I had a friend that had one just like it. He raced it..... Yea it would fly, the only draw back was the frontend would float at about 25-30 mph. Its all in the gearing.
He moved to tractor racing from go cart racing. I've never met another person who could hot rod a small engine like he could. He milled the heads angle ground valves, ported and polished intaked, custom made headers. Thanks for helping bring back fond memories, and welcom to the forum. I have a 1967 Sears rider at home, that belongs to a good friend, he bought it new in 67 and had it stored for 30 years. I got it to stop leaking fuel and it runs but it needs a rebuild after sitting for so long.



Panelman55


----------



## Thomas (Nov 1, 2006)

Welcome.Bye
Sears I had over the years I found ID tag kinda hidden..on frame near motor,under seat,sometime mower numbers found under foot rest.


----------



## wjjones (May 28, 2010)

Looks like a Craftsman II?


----------



## dangeroustoys56 (Jul 26, 2010)

I have one like it- mines a '85 LT11 - also has the rear discharge deck - mines in alot worse shape then yours tho- the PO painted it red and black- deck needs to be totally rebuilt. The original trans was broken( was a 5 speed) but the 11HP briggs runs great.
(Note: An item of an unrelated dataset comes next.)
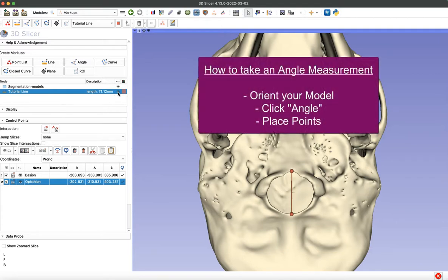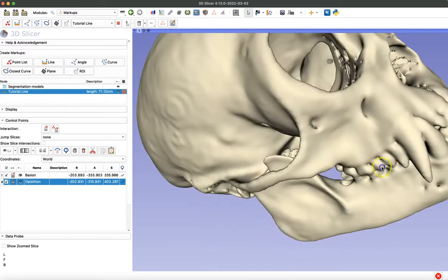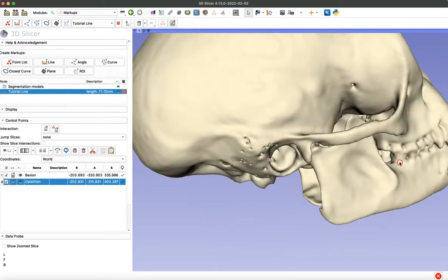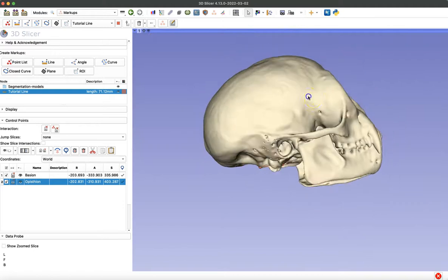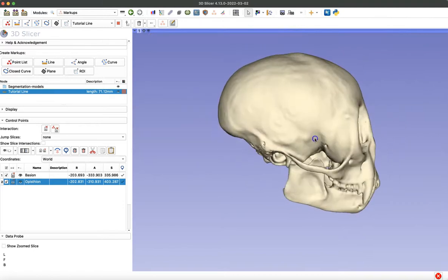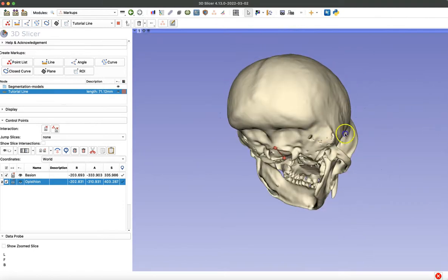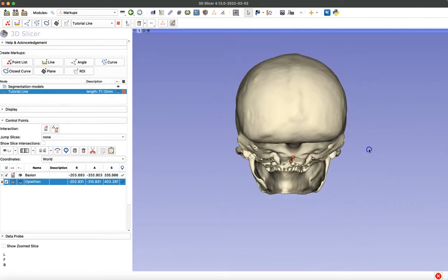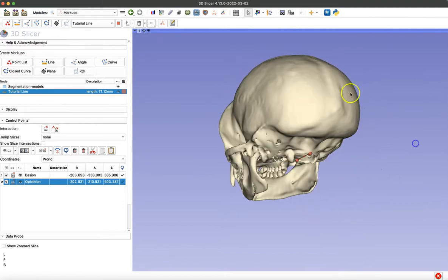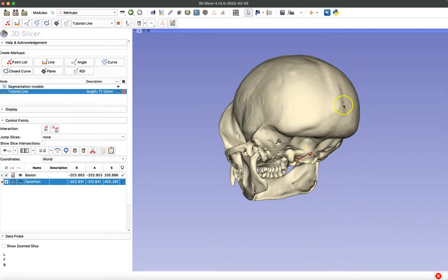So now we're going to cover how to take an angle measurement. It's a very similar process to the one we just went through. You want to orient your model, click angle instead of line, and then we'll be placing coordinate points. So I'm going to first orient that model, this time into a posterior perspective, so I can take the point lambda on the back of the skull.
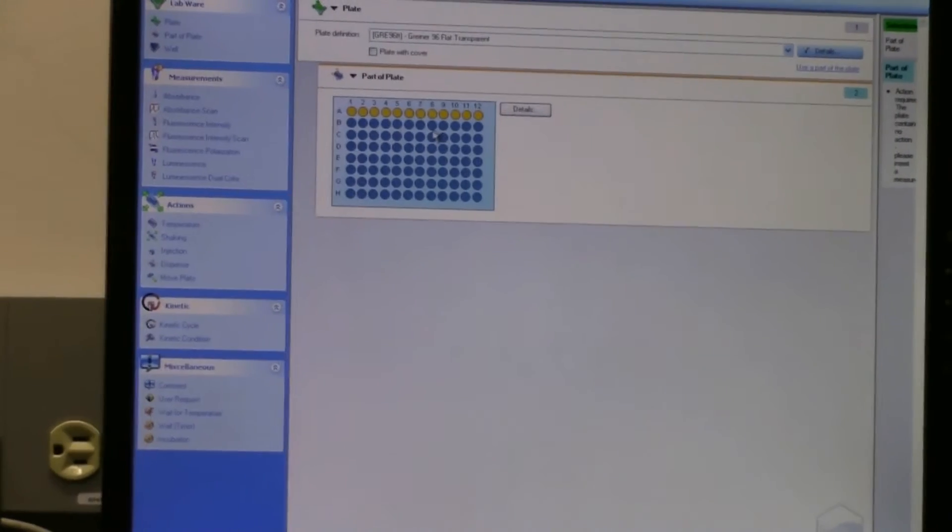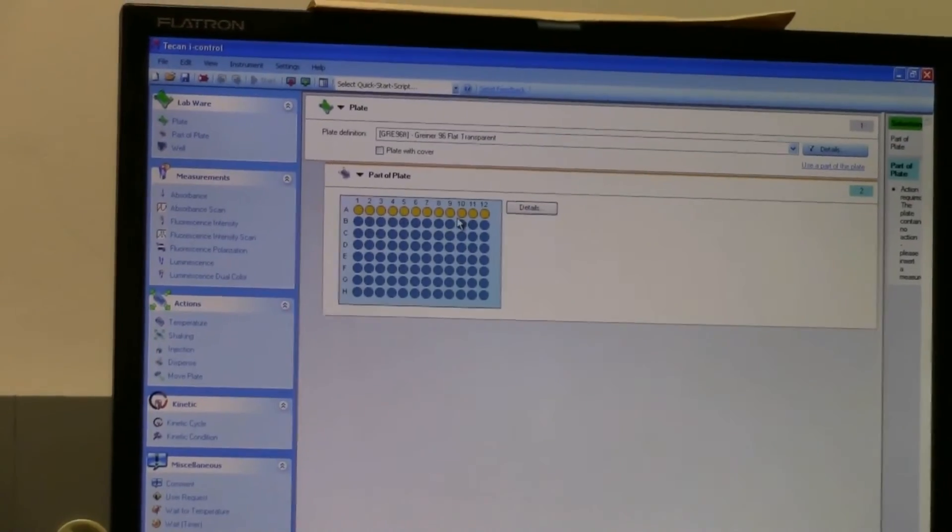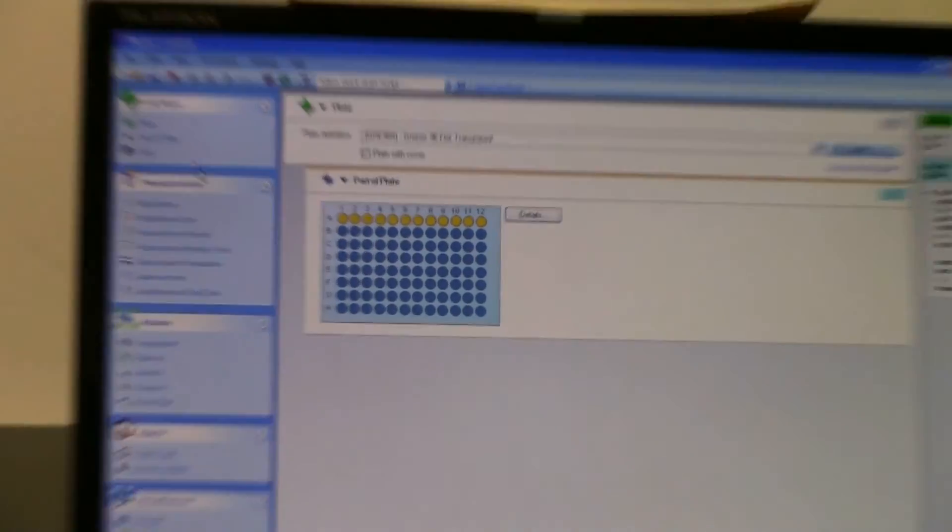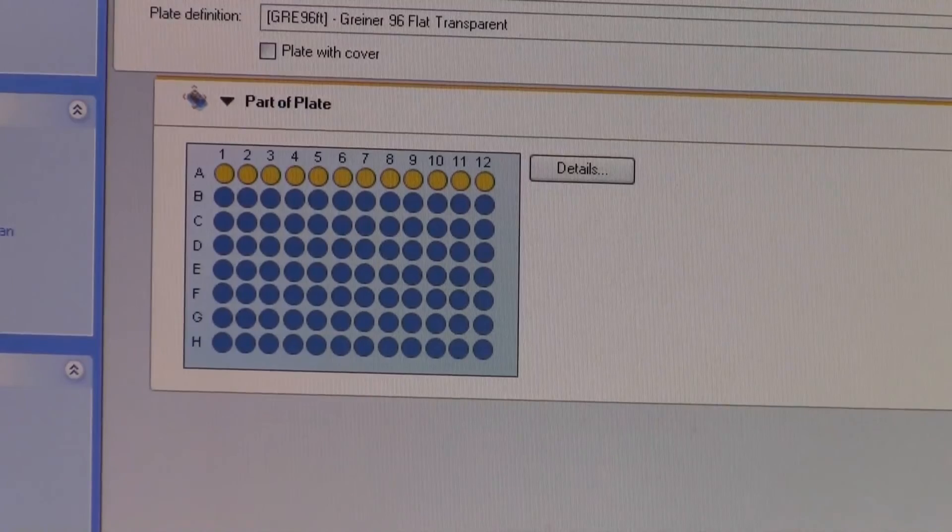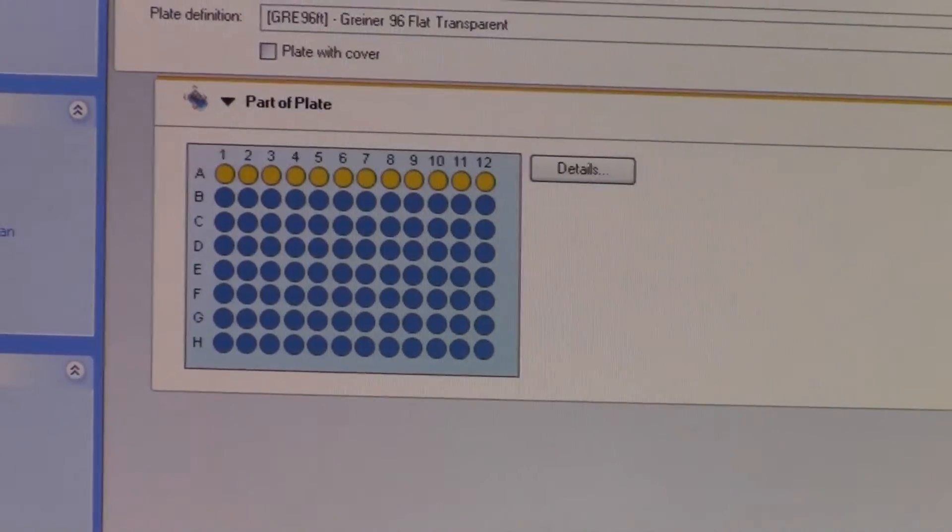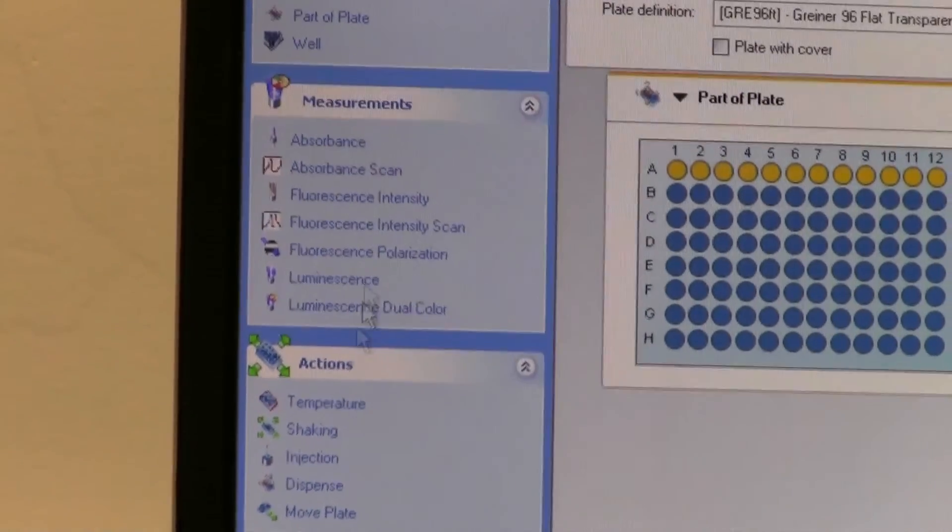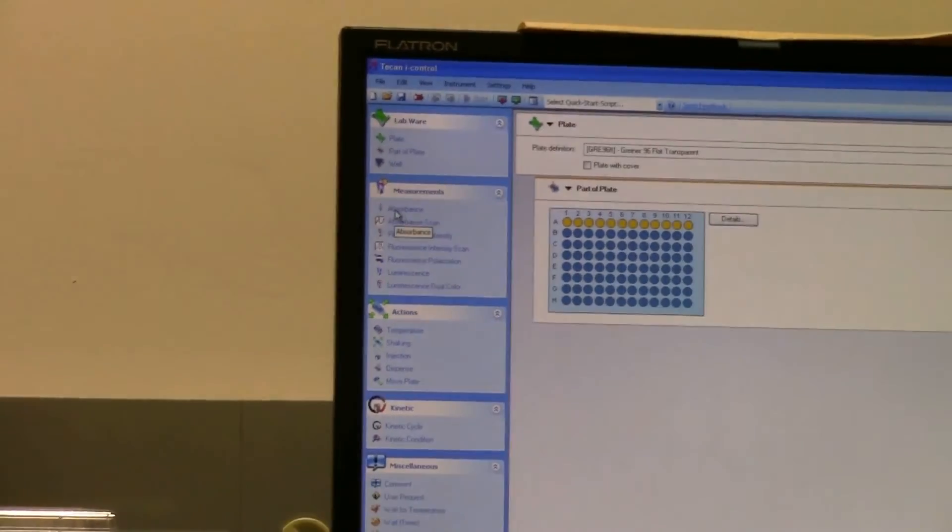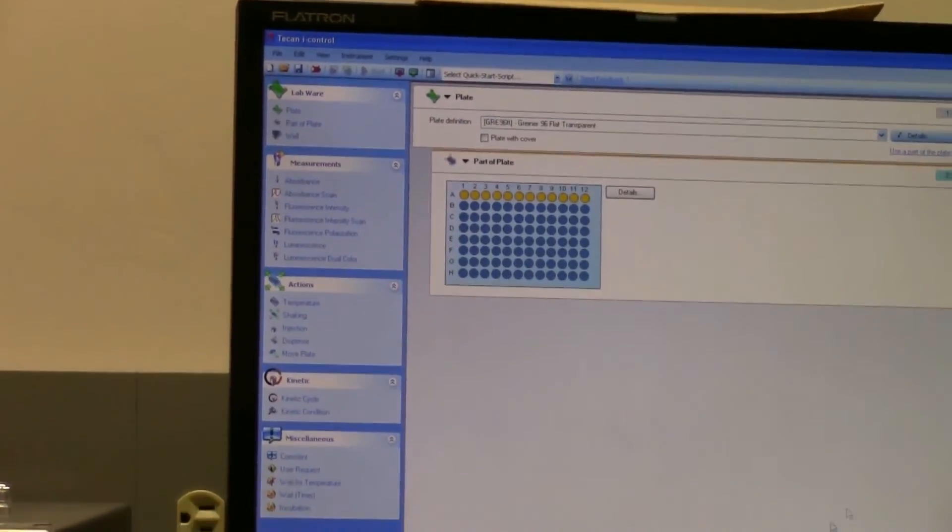In terms of measurements, everything is basically here on this side, on the left here in actions. And you just - whatever you need to do, you basically just click and drag into this area here.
Its back on 4 wheels, deck still needs a rebuild , when its done, itll come back apart for a proper silver paint color, but might leave the black rims.
Heres a pic:


----------



## wjjones (May 28, 2010)

dangeroustoys56 said:


> I have one like it- mines a '85 LT11 - also has the rear discharge deck - mines in alot worse shape then yours tho- the PO painted it red and black- deck needs to be totally rebuilt. The original trans was broken( was a 5 speed) but the 11HP briggs runs great. Its back on 4 wheels, deck still needs a rebuild , when its done, itll come back apart for a proper silver paint color, but might leave the black rims.
> Heres a pic:



Glad you had one dangeroustoys56 to id from.. Great info Thankyou for sharing it,


----------



## jjandrews33 (Apr 3, 2011)

Thanks guys. It looks like I'm gonna have to tear it apart and see if I find an id tag somewhe


----------



## jhngardner367 (Apr 5, 2011)

Check under the seat,and under the hood,fore model/serial numbers.Should be something like 917.00000,for sears #s.Then you can look it up online.


----------



## dangeroustoys56 (Jul 26, 2010)

Wjjones: It was one of 4 i bot off a guy down the road- 2 GT's - the LT11 and a MTD- originally i gave it to my nephew and he was going to mod it, but lost intrest. Its a cool lil tractor , looks different then my other craftsmans.


JJandrews33 : I went n checked my tractor for a data tag- the PO painted over it tho- its all unreadable. 

Looking at the back of the tractor ( where the hitch is) - the chassis goes straight up and slightly bends in tward the front- the chassis data tag is right there where it bends in under the rear fenders. I got the date of the tractor from its briggs engine - the 1st 2 numbers of the engine code are the year. 

Im not sure if teccy motors have a year in the motor code.


----------